New Plant on the Block The saga of an uncommon morning-glory by Sheryl Smith-Rodgers AS A TEX AS MASTER NATUR ALIST, I HAVE A KEEN EYE FOR NATIVE PLANTS. So when a tiny flower caught my attention last November, I stooped down for a closer look. Little did I know that my curiosity would set a botanic ball into motion and ultimately help to preserve a little-known native plant. Flowers bloom every spring in a vacant lot adjacent to Trinity Lutheran Church in Blanco, Texas, where I live. When I heard the lot was targeted to be paved over, I asked Pastor Dayna Leggett if we could dig up plants, specifically non-native grape hyacinth (Muscari botryoides).
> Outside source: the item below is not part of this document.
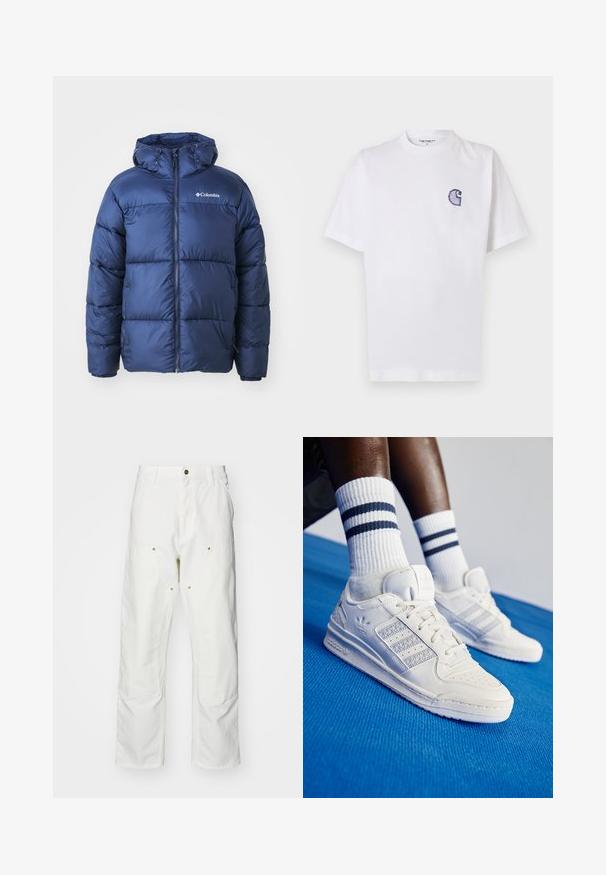 Tengerészkék pufi dzseki kapucnival, elöl cipzárral, rugalmas mandzsettákkal és steppelt mintával. Columbia logo a bal felső mellrészen.; Fehér pamut póló rövid ujjakkal, kerek nyakkivágással és egy kis, hímzett kék "C" logóval a bal mellrészen.; Fehér pamut cargo nadrág, laza szabású. Jellemzői közé tartozik az elülső zsebek, az arany színű fémalkatrészek és a megerősített térd részek.; Fehér bőr sportcipők perforált díszítéssel, három fényes csíkkal és texturált oldalpanellel. Fehér zoknival viselve, ami kék csíkos.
I knew they grew there because I’d seen their blue bunch-flowers the previous spring. Before we met up, I scouted the lot for any native plants we might rescue too. My survey turned up prairie verbena (Glandularia bipinnatifida), littleleaf sensitive briar (Mimosa microphylla), buffalo bur (Solanum rostratum) and a mystery vine with pea-sized white blooms.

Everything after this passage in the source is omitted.